───── MATERIAL FOR THE TASK

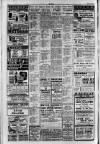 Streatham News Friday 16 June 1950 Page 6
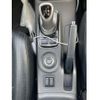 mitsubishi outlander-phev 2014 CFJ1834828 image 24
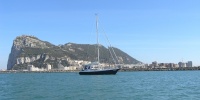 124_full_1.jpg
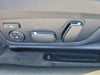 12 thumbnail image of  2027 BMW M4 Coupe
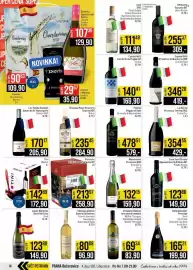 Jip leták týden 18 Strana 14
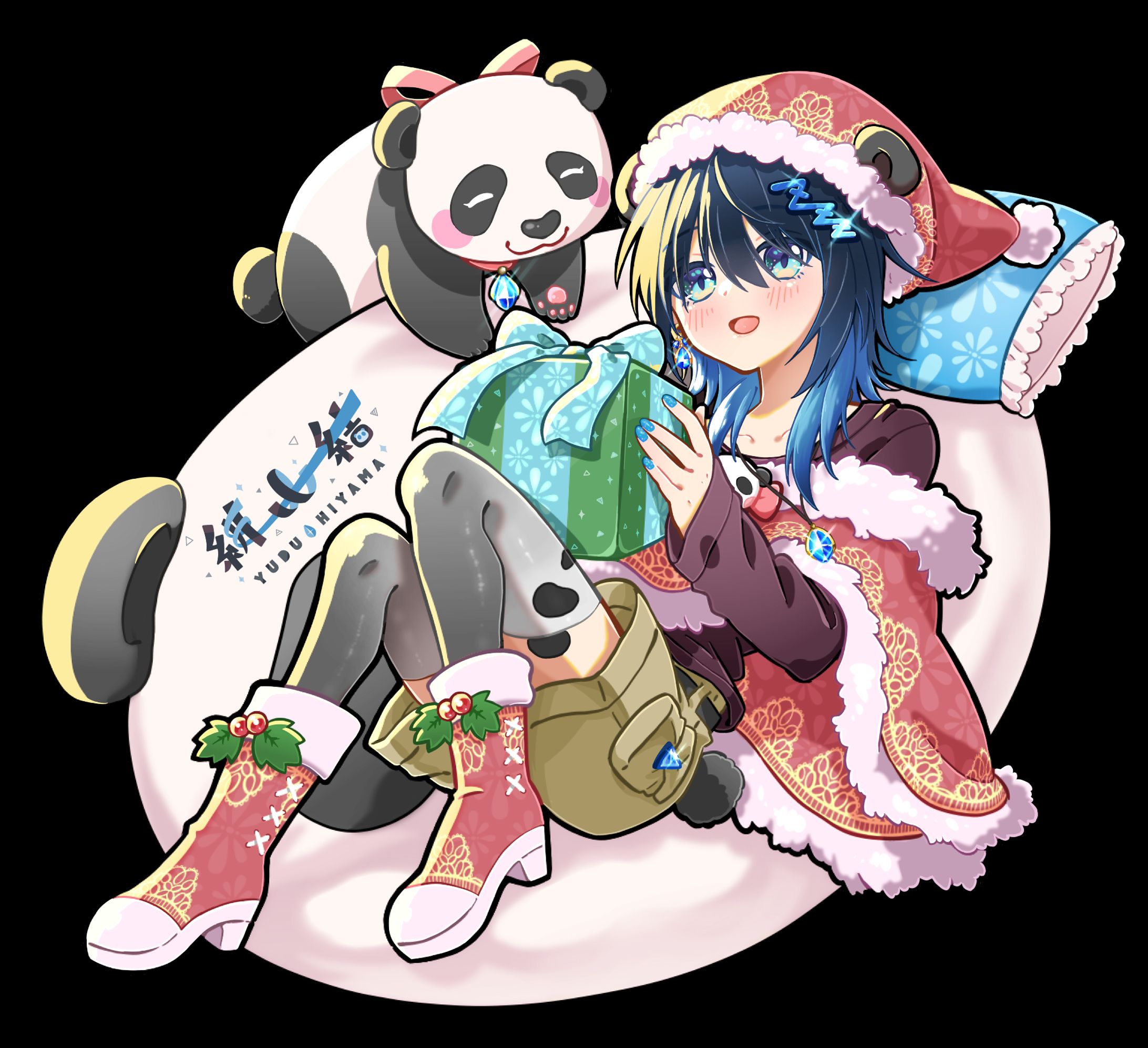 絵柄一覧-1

──────────

__REQUIRED WORK__
In the records above, find the line containing "12 thumbnail image" and restate it and every line after it word for word, all pictures excluded.

__WORKED SOLUTION__
 12 thumbnail image of  2027 BMW M4 Coupe
 Jip leták týden 18 Strana 14
 絵柄一覧-1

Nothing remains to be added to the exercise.